The Democratic field is shrinking. But the number of candidates on the debate stage is about to grow.

At least 12 presidential hopefuls are expected to appear together on a single night at next month’s televised debate in Ohio, Democratic officials said on Friday, contrary to recent speculation that the event might be spread across two days to accommodate the large lineup.

Squeezing a dozen voluble politicians onto one stage could prove unwieldy, with plenty of opportunities for cross talk as lower-polling candidates hunt for what may be their last chance at a national breakout moment. Moderators from CNN and The New York Times, the debate’s co-sponsors, will be tasked with keeping order.

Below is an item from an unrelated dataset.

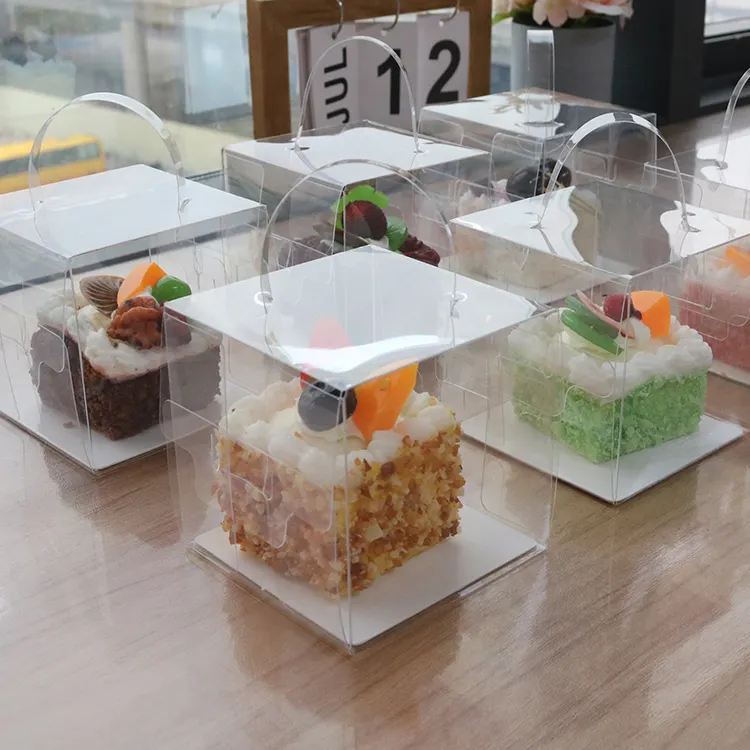 Klare quadratische Kuchen Kunststoff verpackungs box 3 Zoll transparente Kuchen boxen Verpackung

The Ohio debate, on Oct. 15, is set to include the 10 candidates who appeared at this month’s debate in Houston, which was broadcast by ABC. In addition to that group, the billionaire former hedge fund investor Tom Steyer and Representative Tulsi Gabbard of Hawaii are scheduled to take the stage.

The format is meant to guarantee that viewers can see the party’s top contenders face off against one another. Viewership rose for the debate held in Houston, the third of the campaign cycle and the first to feature two leading candidates, former Vice President Joseph R. Biden Jr. and Senator Elizabeth Warren of Massachusetts, on the same stage.

A pair of CNN anchors, Erin Burnett and Anderson Cooper, will share moderating duties with The Times’s national editor, Marc Lacey, at the debate, which will be held on the campus of Otterbein University in Westerville, Ohio.

No Democratic debate this year has allowed for more than 10 candidates onstage at once. But party officials faced a unique situation for next month’s matchup.

Several candidates, including Senator Kirsten Gillibrand of New York and Mayor Bill de Blasio of New York City, have ended their bids because of a lack of support. Yet Mr. Steyer, who has not yet appeared at a televised debate, and Ms. Gabbard recently passed the threshold to qualify for a spot onstage.

Had Democratic officials opted for two nights, with six candidates randomly chosen for each round, voters may have been deprived of seeing the party’s leading candidates debate one another directly. Another option — to split the candidates by polling performance — was used in 2016 for several Republican debates. But that arrangement led to criticism that the so-called “undercard” candidates were being unfairly stigmatized.

Choreographing a primary debate can be a tricky business. In a note to campaigns on Friday, the Democratic National Committee left open the possibility of a format change after Oct. 1, the final day for candidates to meet the debate qualification criteria.

“Pending a final decision after the certification deadline, it is the intention of the D.N.C. and our media partners to hold the October debate over one night on Tuesday, Oct. 15,” party officials wrote.

Viewers’ interest in the 2020 race remains high. Ratings for this month’s Houston debate surpassed 14 million viewers.

The second night of the first debate, held in Miami and hosted by NBC and Telemundo in June, drew 18.1 million viewers, breaking the record for the biggest television audience for a Democratic primary matchup.